Multi-Granularity Interaction for Multi-Person 3D Motion Prediction

Multi-person 3D motion prediction is an emerging task that involves predicting the future 3D motion of multiple individuals based on current observations. In contrast to motion prediction for a single person, this task requires a strong emphasis on learning the interacting dynamics among multiple individuals. Broadly speaking, current methods can be categorized into two groups: The first group involves the straightforward adaptation of models originally developed for single-person scenarios to multi-person scenarios, which is evidently suboptimal. The second group focuses on utilizing off-the-shelf tools like graph convolutional networks to model interactions. While this approach has shown improved results, the interactions primarily consider entire human identities rather than finer details. This motivates the introduction of our novel solution to address this limitation and enhance the task's performance. In this work, we strive to craft a novel framework that can effectively address two key issues ignored in previous works, namely the multi-granularity interaction and time-varying inter-person dynamics. In implementation in accord with above aims, the proposed model has mainly comprised two modules: a person-level interaction module and a part-level interaction module. The former is designed to learn the holistic and dynamic interaction among multiple persons in a coarse-grained sense. Critically, we would emphasize that a unique trait of the former module is learning temporal dynamics. For example, it recognizes that two individuals exhibit a strong correlation during handshaking but less correlation after parting ways.
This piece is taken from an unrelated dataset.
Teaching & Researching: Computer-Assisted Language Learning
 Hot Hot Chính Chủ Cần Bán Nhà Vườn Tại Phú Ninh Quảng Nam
The latter part-level interaction module learns the interaction between the body joints of different persons. This module operates at a more fine-grained level, distinguishing it from existing approaches. By aggregating information from both granularities, our model enables accurate motion prediction. To validate the effectiveness of the proposed model, we conducted comprehensive experiments on three benchmark datasets: 3DPW, CMU-Mocap, and MuPoTS-3D. The results of these evaluations unequivocally demonstrate the empirical superiority of our model compared to previous state-of-the-art methods.